- _PROBLEM TO SOLVE_:
Under no circumstances alter the records; copy each one exactly.

Stored items
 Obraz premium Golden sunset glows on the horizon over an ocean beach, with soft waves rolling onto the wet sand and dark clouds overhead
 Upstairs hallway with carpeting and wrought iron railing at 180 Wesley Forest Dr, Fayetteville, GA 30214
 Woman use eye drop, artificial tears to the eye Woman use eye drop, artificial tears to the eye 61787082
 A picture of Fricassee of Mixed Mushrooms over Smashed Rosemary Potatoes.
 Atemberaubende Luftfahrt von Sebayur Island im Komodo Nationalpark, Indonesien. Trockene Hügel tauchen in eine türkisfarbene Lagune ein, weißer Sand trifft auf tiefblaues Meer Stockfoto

- _SOLUTION TO THE PROBLEM_:
 Obraz premium Golden sunset glows on the horizon over an ocean beach, with soft waves rolling onto the wet sand and dark clouds overhead
 Upstairs hallway with carpeting and wrought iron railing at 180 Wesley Forest Dr, Fayetteville, GA 30214
 Woman use eye drop, artificial tears to the eye Woman use eye drop, artificial tears to the eye 61787082
 A picture of Fricassee of Mixed Mushrooms over Smashed Rosemary Potatoes.
 Atemberaubende Luftfahrt von Sebayur Island im Komodo Nationalpark, Indonesien. Trockene Hügel tauchen in eine türkisfarbene Lagune ein, weißer Sand trifft auf tiefblaues Meer Stockfoto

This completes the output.